Next, defense counsel observed that, although Officer McDermott testified that defendant moved closer to the police vehicle, there was still no damage to the police vehicle from defendant's rifle:
“Now, there was what the police officers testified to and whatever happened out there was an extremely horrifying scene. Because the officers were so convinced that they were going to be killed they fired their weapon right through the windshield of the car that they were in. Clearly, they believed that they were going to be shot. You know, the example that [the prosecutor] gave a little while ago about playing and about you point at somebody and you say bang, bang, you're dead and that person is supposed to fall down, well, the car, the police officers' car doesn't have one mark on it from an AK47 bullet. As a matter of fact, there's no damage to the police car at all except for what the police did themselves. I understand why they—one would understand why they did it, but there—if [defendant] were out there and was shooting at this police car and he shot five times and they kept saying he took aim and just fired, it doesn't come close to the police car.
Clearly, if it were [defendant] out there firing he was not intending to kill the police officers. I believe Officer McDermott and one of the other officers said that [defendant] * * * made some kind of an arc or something. They're suggesting he was coming closer. * * * Even when closer there is no damage to the vehicle. Maybe the person wanted to get away with that AK47[,] there's no damage to that squad [car] whatsoever. There is clearly no evidence that the person shooting was attempting to kill any of the police officers.”
Toward the end of his closing, defense counsel reiterated that Officer Kos had testified that defendant had pointed his rifle at Kos and then moved it away:
“There were a couple things that I wanted to address, things that the State said and, again, although [the prosecutor] says that my client is aiming at the police you've got Officer Kos * * * saying he appeared to be pointing his weapon at cops 25 degrees and then fired his gun. Nothing is ever hit. * * * There's nothing to indicate that there was any kind of intent to kill.”
¶ 17 After hearing the evidence and argument, the jury found defendant guilty of three counts of attempted first-degree murder of a peace officer, namely, Officers McDermott, Kos and Korbas. The jury also found defendant guilty of the first-degree murder of Hendricks and determined that defendant had personally discharged the firearm that proximately caused Hendricks' death.

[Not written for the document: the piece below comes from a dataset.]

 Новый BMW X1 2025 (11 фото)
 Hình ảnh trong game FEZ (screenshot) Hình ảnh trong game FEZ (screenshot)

¶ 18 After denying defendant's posttrial motion for a new trial, the trial court sentenced defendant to 85 years for the first-degree murder of Hendricks, which included a mandatory 25–year enhancement for discharging a firearm that proximately caused Hendricks' death. The trial court also sentenced defendant for 50 years for each conviction for attempted first-degree murder. The trial court ordered that the sentences for attempted murder were to be served concurrently to each other but consecutively to the murder sentence, resulting in a total of 135 years. The trial court then denied defendant's motion to reconsider his sentence, and this appeal followed.
¶ 19 ANALYSIS
¶ 20 On this direct appeal, defendant raises two claims: (1) that the evidence at trial was insufficient to support his convictions for attempted murder because the State failed to prove beyond a reasonable doubt that he intended to kill the attempted-murder victims; and (2) that the trial court abused its discretion by sentencing defendant to a total of 135 years with IDOC. For the reasons discussed below, we affirm defendant's conviction and sentence.

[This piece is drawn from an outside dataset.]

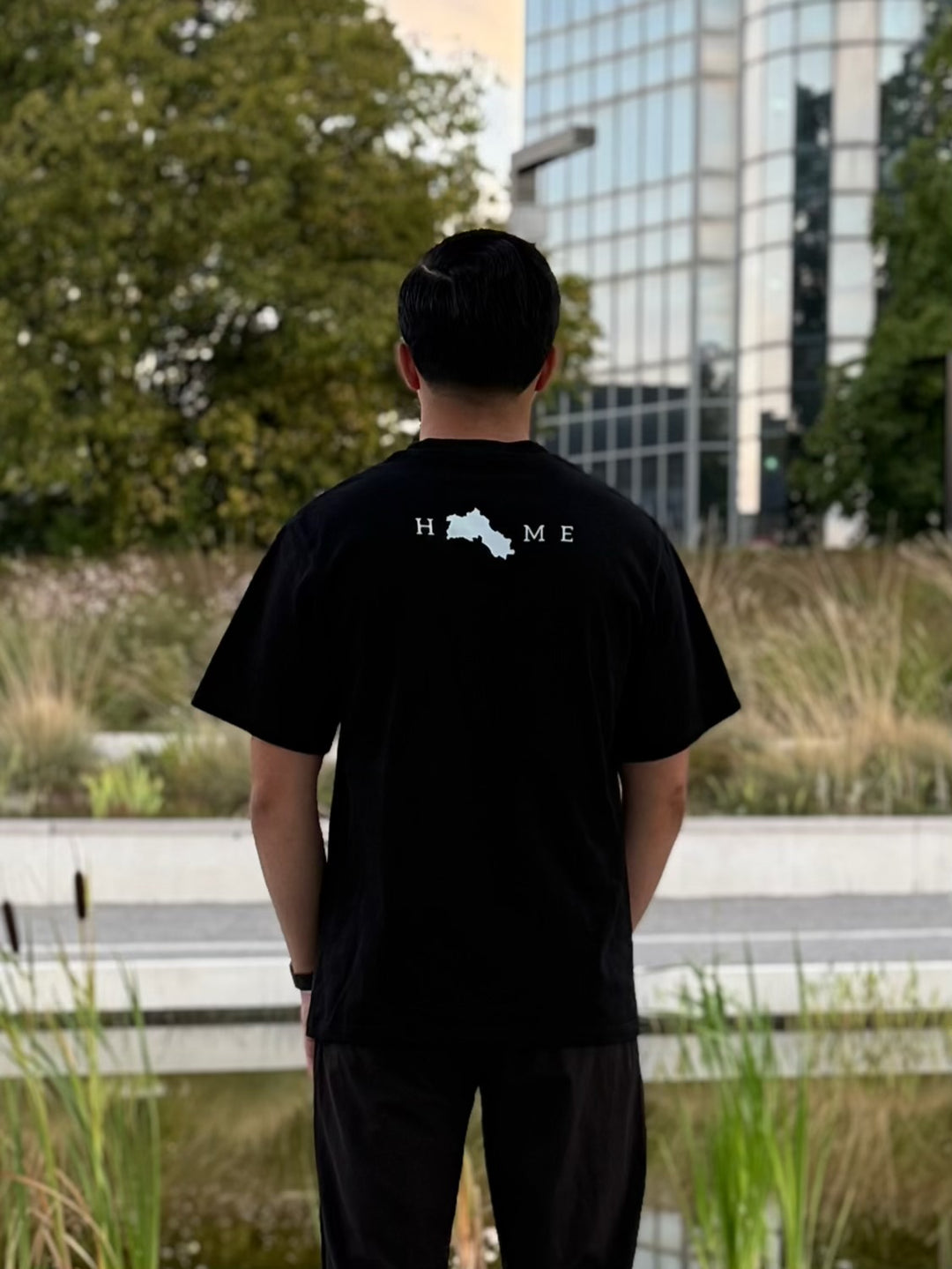 WELAT/HOME T-Shirt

¶ 21 I. Sufficiency of the Evidence
¶ 22 First, defendant claims that the State failed to prove beyond a reasonable doubt that he intended to kill the three peace officers. To prove a defendant guilty of attempted murder, the State must prove: (1) that defendant performed an act that constituted a substantial step toward committing a murder; and (2) that he had the criminal intent to kill the victim. People v. Green, 339 Ill.App.3d 443, 451, 274 Ill.Dec. 338, 791 N.E.2d 134 (2003). On this appeal, defendant contests only the second element, which is that he had no intent to kill the police officers.

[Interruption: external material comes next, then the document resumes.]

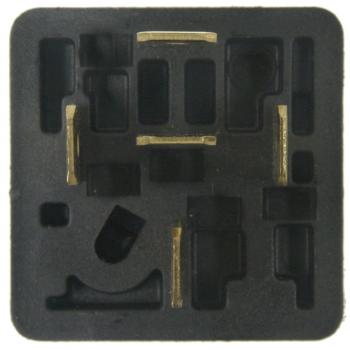 BWD R6716 HVAC Blower Motor Relay product image 1 of 3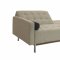 M123 Bonaventura Honey Beige Sofa Bed Convertible by At Home USA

¶ 23 When a defendant challenges the sufficiency of the evidence, our standard of review is whether, when viewing the evidence in the light most favorable to the State, any rational trier of fact could have found the essential elements of the crime beyond a reasonable doubt. People v. Davison, 233 Ill.2d 30, 43, 329 Ill.Dec. 347, 906 N.E.2d 545 (2009) (citing Jackson v. Virginia, 443 U.S. 307, 319, 99 S.Ct. 2781, 61 L.Ed.2d 560 (1979)).
¶ 24 On appeal, defendant claims that no rational trier of fact could have found that he had an intent to kill the officers. This court has observed that, since intent to kill is a state of mind, it is “usually difficult to establish by direct evidence” and thus it is usually “inferred from the surrounding circumstances.” People v. Parker, 311 Ill.App.3d 80, 89, 243 Ill.Dec. 894, 724 N.E.2d 203 (1999); People v. Jones, 55 Ill.App.3d 446, 451, 13 Ill.Dec. 115, 370 N.E.2d 1142 (1977). See also People v. Williams, 165 Ill.2d 51, 64, 208 Ill.Dec. 341, 649 N.E.2d 397 (1995); In re Stern, 124 Ill.2d 310, 315, 124 Ill.Dec. 581, 529 N.E.2d 562 (1988). These surrounding circumstances may include the character of the assault, the use of a deadly weapon, and the nature and extent of the victim's injuries. Green, 339 Ill.App.3d at 451, 274 Ill.Dec. 338, 791 N.E.2d 134;Parker, 311 Ill.App.3d at 89, 243 Ill.Dec. 894, 724 N.E.2d 203. See also Williams, 165 Ill.2d at 64, 208 Ill.Dec. 341, 649 N.E.2d 397.
¶ 25 Defendant claims that no rational trier of fact could have found that he intended to kill the officers because, although he was firing an AK–47 semiautomatic assault rifle from a distance of only 40 feet away, there was no evidence that his shots hit either the officers or their vehicle. Defendant claims that the only plausible explanation for his poor marksmanship is that he had no intent to hit the officers, and that he was only trying to keep them at bay while he attempted to escape.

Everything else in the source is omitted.